[Brief descriptive captions]

***

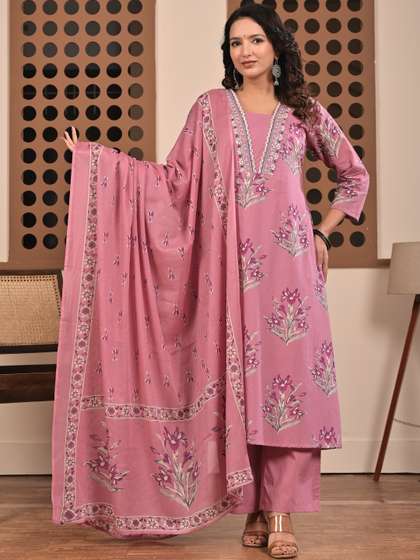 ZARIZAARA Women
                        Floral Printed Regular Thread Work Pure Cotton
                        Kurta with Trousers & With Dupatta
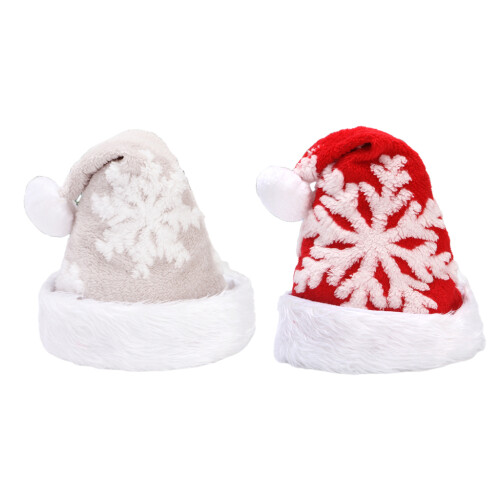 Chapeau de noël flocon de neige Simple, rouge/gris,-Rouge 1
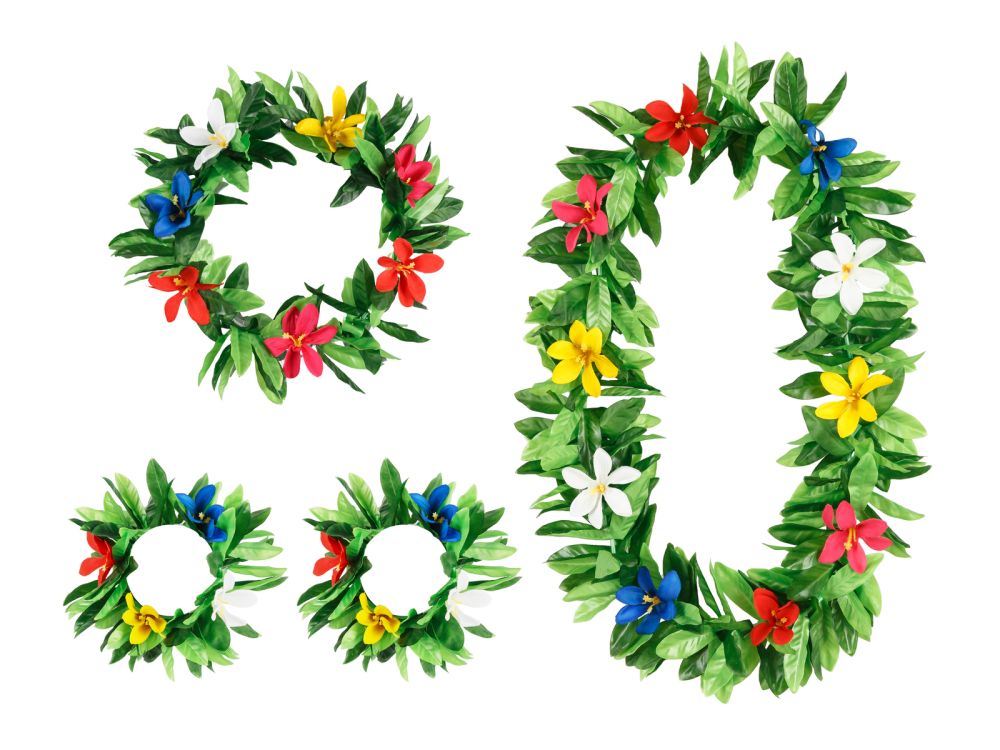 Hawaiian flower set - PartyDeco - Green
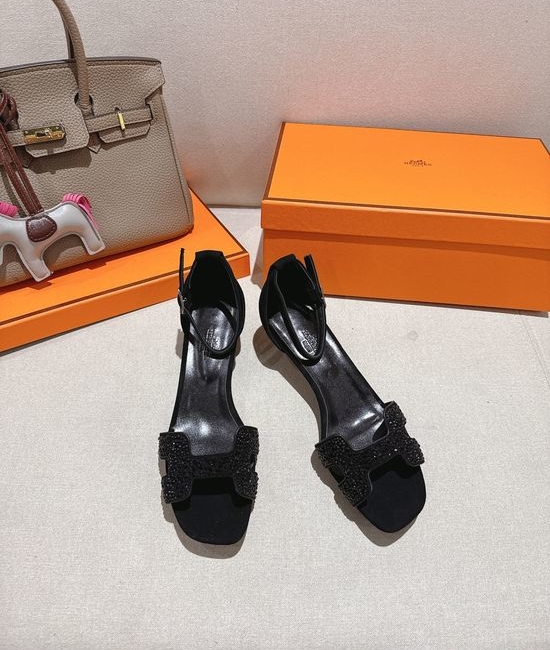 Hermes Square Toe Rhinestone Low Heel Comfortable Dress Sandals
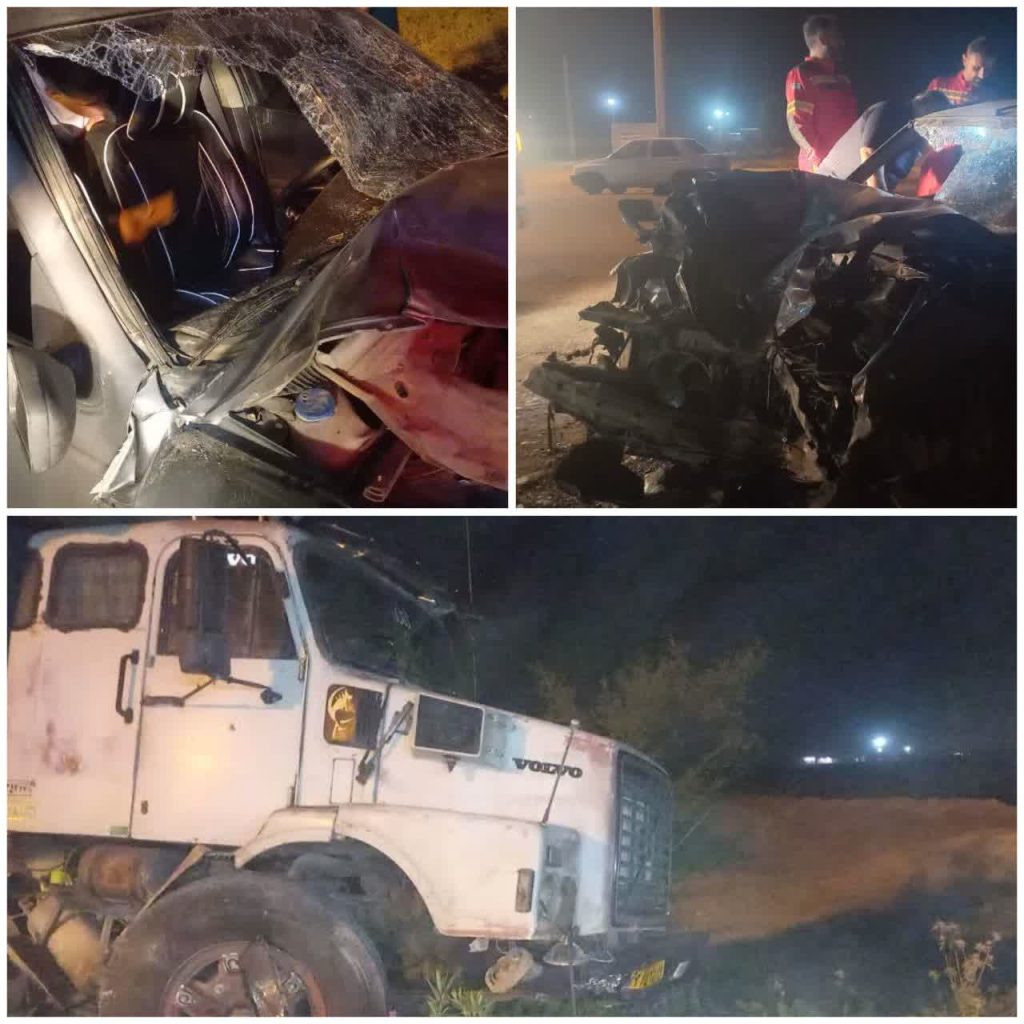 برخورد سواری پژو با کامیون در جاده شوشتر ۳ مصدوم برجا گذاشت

***

▸ **TASK DESCRIPTION**: Return every entry above exactly as written, with no pictures included.

▸ **ANSWER TO THE PROBLEM**:
 ZARIZAARA Women
                        Floral Printed Regular Thread Work Pure Cotton
                        Kurta with Trousers & With Dupatta
 Chapeau de noël flocon de neige Simple, rouge/gris,-Rouge 1
 Hawaiian flower set - PartyDeco - Green
 Hermes Square Toe Rhinestone Low Heel Comfortable Dress Sandals
 برخورد سواری پژو با کامیون در جاده شوشتر ۳ مصدوم برجا گذاشت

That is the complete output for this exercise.